(Image-caption web data)
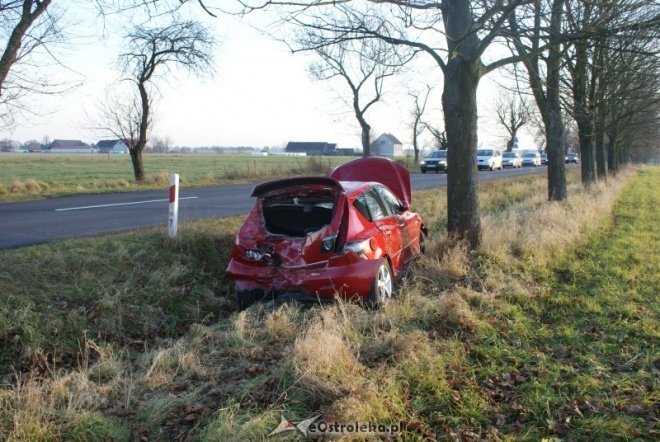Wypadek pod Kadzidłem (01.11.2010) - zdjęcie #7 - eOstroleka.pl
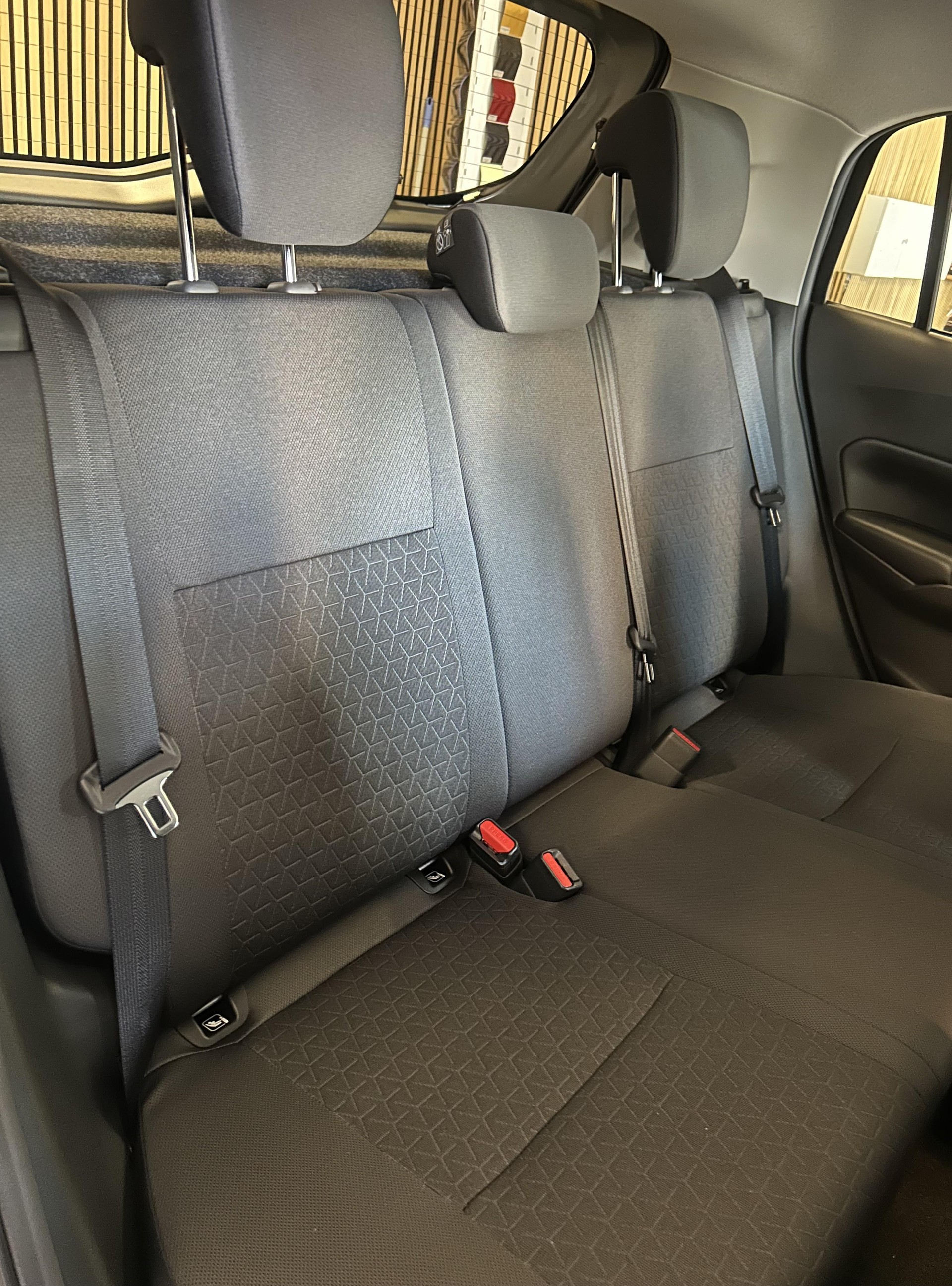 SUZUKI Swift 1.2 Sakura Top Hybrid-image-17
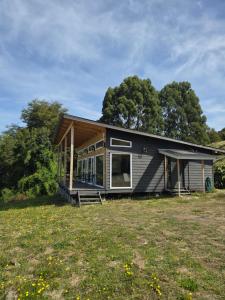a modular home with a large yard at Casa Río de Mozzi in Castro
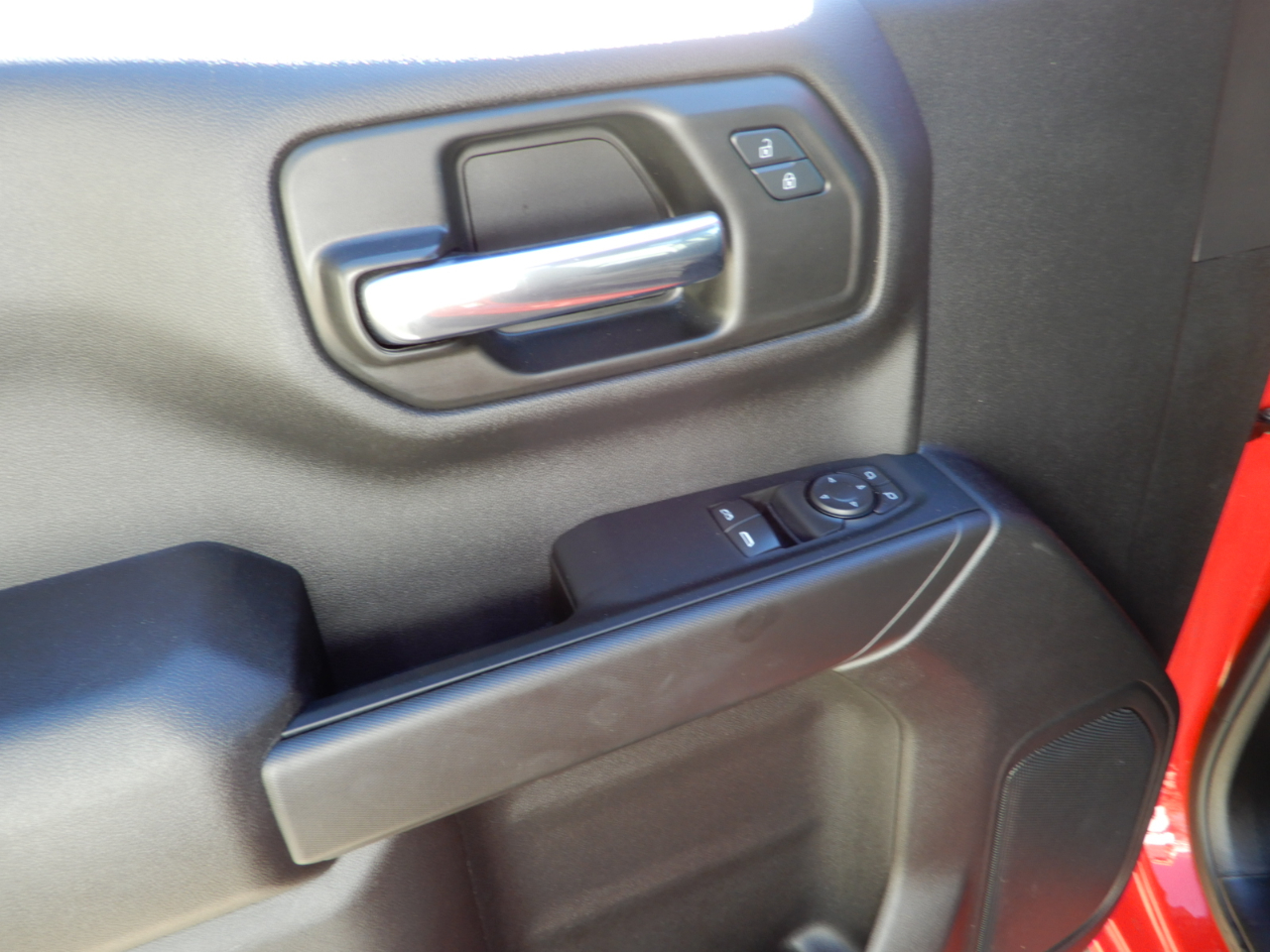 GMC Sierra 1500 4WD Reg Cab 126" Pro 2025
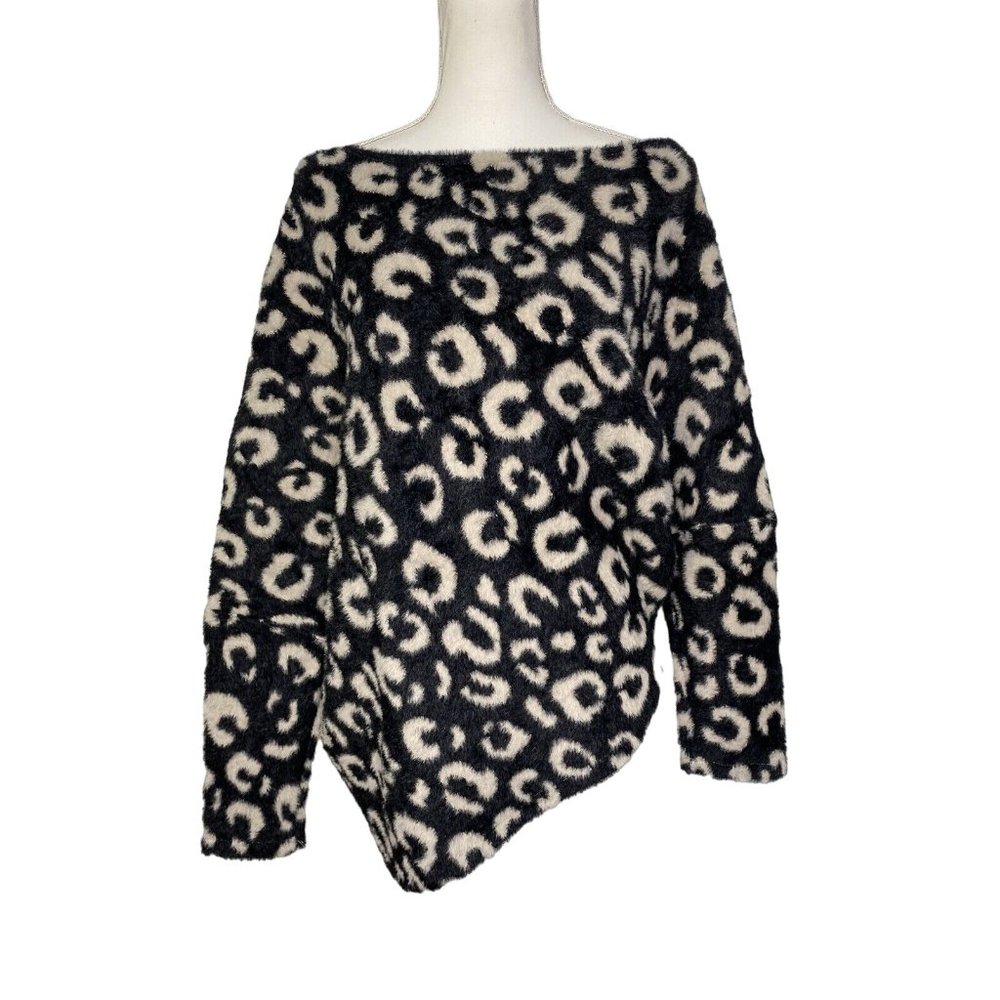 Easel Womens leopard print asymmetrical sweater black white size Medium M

◆ Work item ◆
When you reach the line containing "SUZUKI Swift 1.2 Sakura Top Hybrid-image-17" in the records above, write out that line and every line after it through the end, exactly, but omit the pictures.

◆ Output for this task ◆
 SUZUKI Swift 1.2 Sakura Top Hybrid-image-17
a modular home with a large yard at Casa Río de Mozzi in Castro
 GMC Sierra 1500 4WD Reg Cab 126" Pro 2025
 Easel Womens leopard print asymmetrical sweater black white size Medium M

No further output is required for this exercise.